THE campaign season is already in full-swing and judging from what is happening from the terraces it seems the electoral playingfield has shifted from being “very” uneven to being relatively “even”, although there are still concerns around the independence of the Zimbabwe Electoral Commission (Zec), the integrity of the biometric voter registration (BVR) process, the auditing of the voters’ roll, the overbearing influence of the security sector, the politicisation of traditional leaders, repealing of repressive laws and the unequal access to the public media, which continues to hog the limelight.
By Admire Mare
One thing about the “new” dispensation is that opposition political parties and candidates have seized the opportunities afforded to them by offline and digital affordances to campaign and mobilise beyond the narrow confines of the urban spaces.
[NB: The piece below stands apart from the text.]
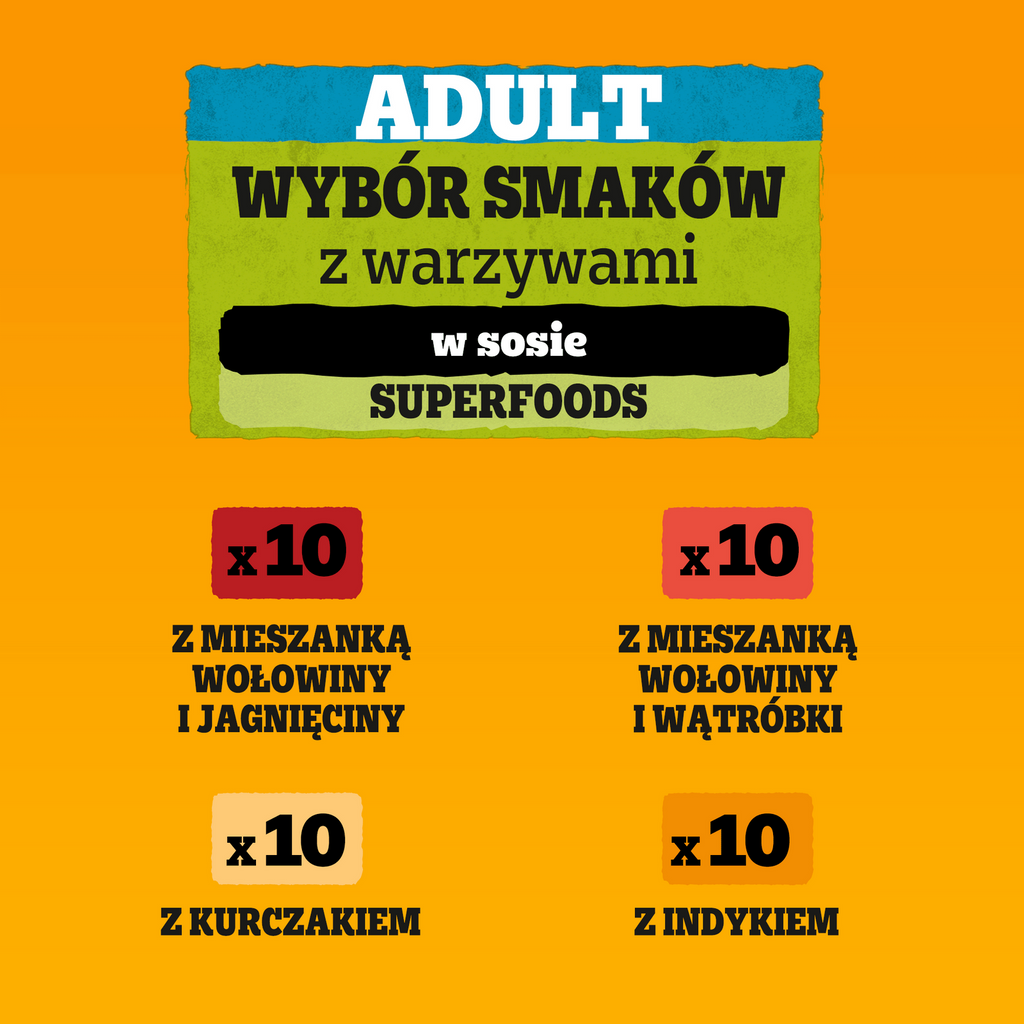Pedigree Mokra Karma Dla Dorosłych Psów Saszetka Mix Smaków (Z Kurczakiem I Warzywami, Z Wołowiną I Warzywami, Z Indykiem I Marchewką, Z Wołowiną I Jagnięciną) 40x100g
In the “old” dispensation, it was very difficult for opposition parties and candidates to reach out to those in the rural areas. Cases of intimidation, harassment and brutal killings by the youth militia and other operatives were a common feature of national elections.
President Emmerson Mnangagwa has on countless occasions promised the local and international community that his government will deliver on a free, fair and credible election.
In line with his promise, the country has witnessed some commendable shifts, especially, around the amendment of the Electoral Act in Parliament and also the High Court judgment that banned and prohibited traditional leaders from making political statements on their involvement or allegiance to Zanu PF on any public platform.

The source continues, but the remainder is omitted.